Baseball Toaster was unplugged on February 4, 2009.
scott@scottlongonline.com
I'm noticing something around the 'sphere and it dovetails nicely with some things I've been saying for a while. Politically, I'm an odd mix of free-market libertarian, far-left liberal on social issues, and I'm all over the spectrum on issues from terrorism to foreign policy. In baseball, I'm a moderate.
However, across spectrums and formats, bloggers are starting to burn out. There's always been a pretty high churn rate with blogs, I'd imagine, as people realize that it's either a lot of work, they don't have as much to say as they thought, or they can't capture enough feedback to feed them.
Capture feedback? Why not eyeballs, Will? We're past that paradigm, but most still cling to it. I honestly don't care how many people read my site, but it is important to me that the right people read it. People will read this as ego, but with a couple other blogs, WCW has found itself as something of a hub for other sites. My position with BP also allows me to hold more influence that I normally would, though I've made a pretty clear diffferentiation.
More than once, people have written saying that a quick email I sent them kept them excited and made them write more. I know David Pinto is credited as a sire for many baseball blogs (or is blamed the right term?) This is all good, but as blogging makes a shift from hobby to vocation, what happens?
There's a BIG differentiation in this shift. Net based baseball writing is taken seriously by everyone except MLB, which clings to an outdated model (except for their own site ...). I think the next step for the vocation is the IBWA, something I've been working on in fits and starts with others in the 'sphere. Standards, ethics, and collective negotiation with MLB will be a big step.
It's the individual shift that's more interesting to me; the vocational shift is inevitable. At some point, a blogger has to make some decision that they're taking their blog seriously. It's a commitment to time, quality, and many other factors. Some make this shift unconsciously and some do it from the very start. Some try to make this shift, but either don't have the talent or the technique.

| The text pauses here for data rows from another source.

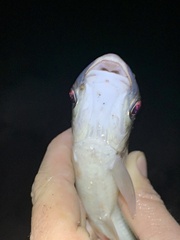 Prochilodus nigricans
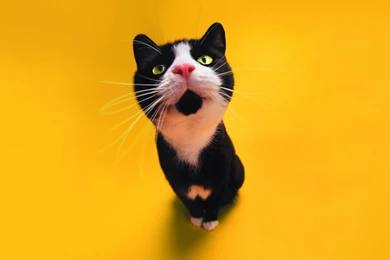 Funny Black Cat 6 Desktop Backgrounds   Funnypicture.org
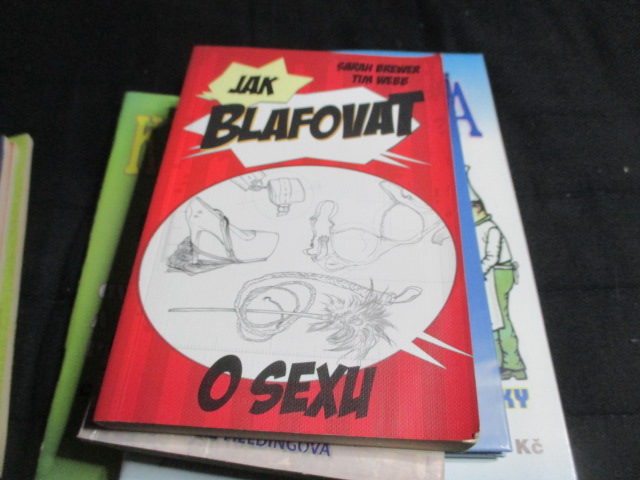 Zav��t okno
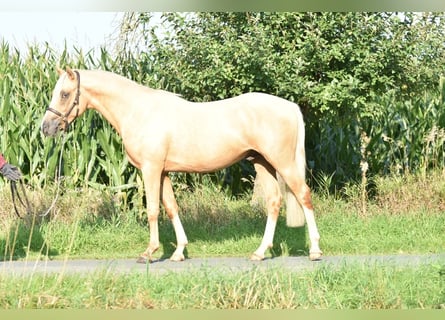 Poni alemán, Semental, 3 años, 145 cm, Palomino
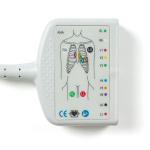 Compatible Fukuda Denshi 10Lead EKG Cable for CardiMax FX-7202, CardiMax FX-7402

But what's the next step? There's probably a thousand baseball blogs out there. There are probably a hundred that, to me, are consistently at a level that I'd call "high quality" and could concievably make that shift up to vocational. There are ... well, look over yonder. The one's on my blogroll are the one's I check daily. Granted, you may love one I don't like. I'm probably never going to read one about the Devil Rays regularly, no matter how well it's written.
So, the question remains - what's the next step? I think the answer is - what's in it for me? Not me, Will Carroll, but the question is one every blogger must answer. What's in it? Is the feedback enough? Do you want to be the next Peter Gammons or Tom Verducci or Tracy Ringolsby? Do you want to figure out how to make this pay or leave that day job behind?
We're losing too many good bloggers and as readers, we must support them. What I'm not sure is how to make a vocational shift and a new paradigm work together. That's why we have comments here. What do YOU think?